[Start of section]

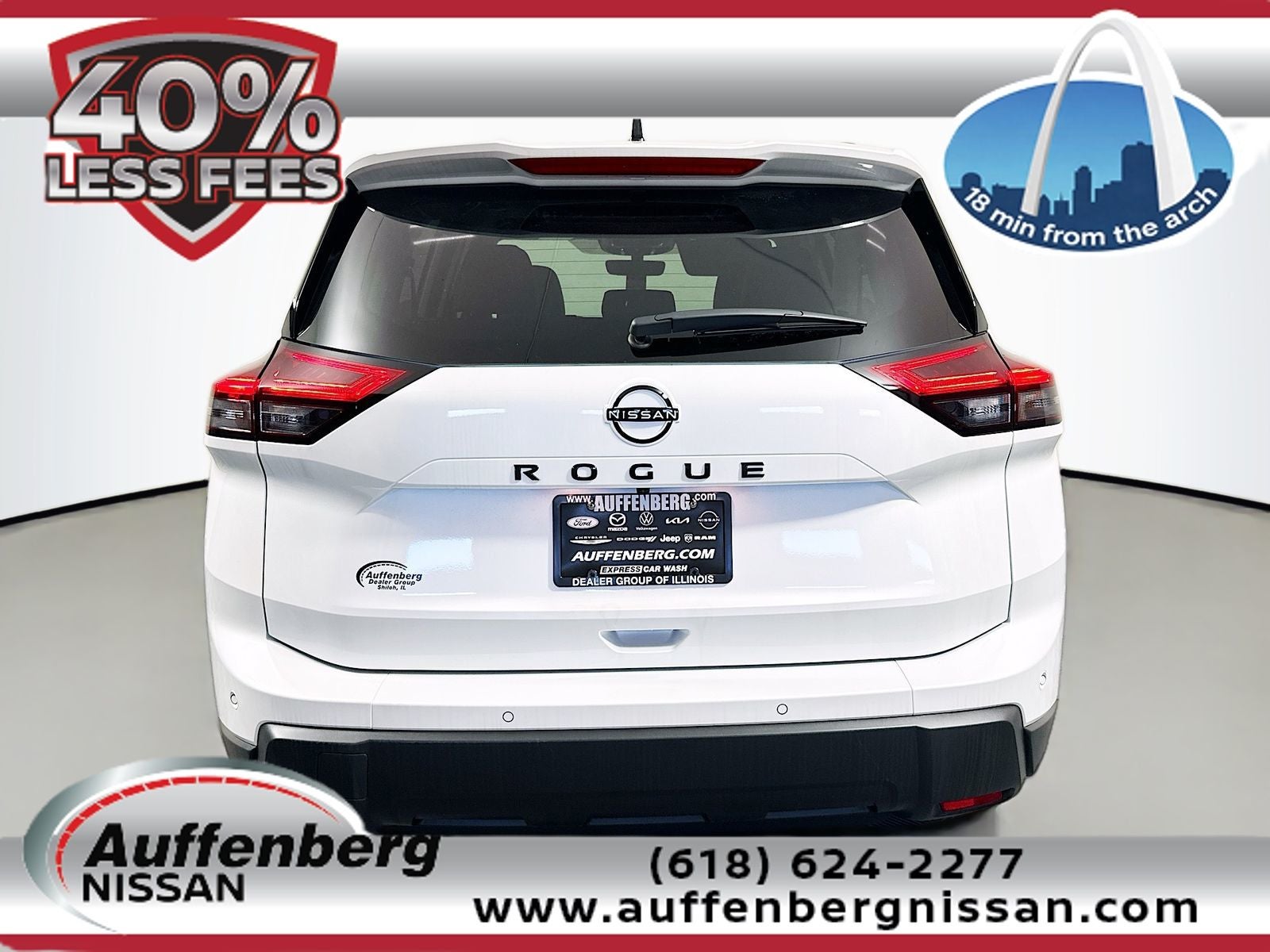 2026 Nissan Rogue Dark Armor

[End of section]
[Start of section]

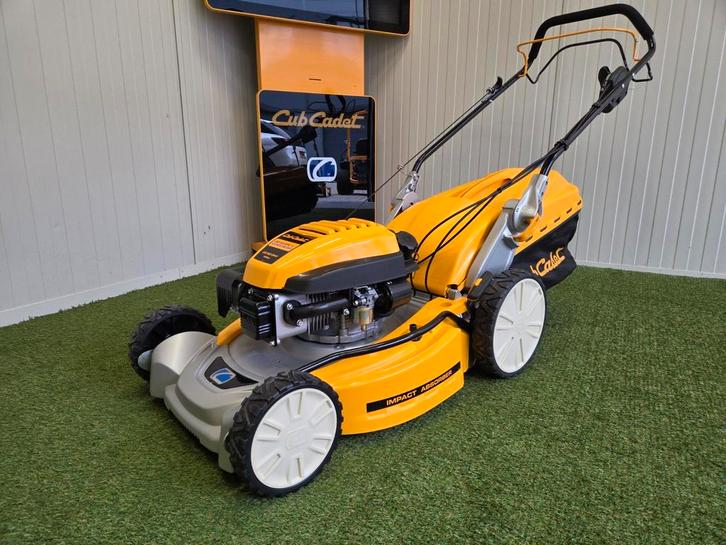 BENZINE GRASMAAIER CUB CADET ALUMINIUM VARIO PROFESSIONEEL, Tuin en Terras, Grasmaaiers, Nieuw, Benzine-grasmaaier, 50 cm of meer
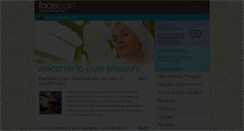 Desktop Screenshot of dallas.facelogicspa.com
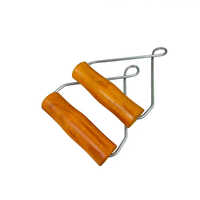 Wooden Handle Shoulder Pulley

[End of section]

_What you need to do:_ Reproduce, word for word, everything in the listing above from the line containing "BENZINE GRASMAAIER CUB" down to the line containing "Wooden Handle Shoulder Pulley", both of them included. No pictures.

_Answer box:_
 BENZINE GRASMAAIER CUB CADET ALUMINIUM VARIO PROFESSIONEEL, Tuin en Terras, Grasmaaiers, Nieuw, Benzine-grasmaaier, 50 cm of meer
 Desktop Screenshot of dallas.facelogicspa.com
 Wooden Handle Shoulder Pulley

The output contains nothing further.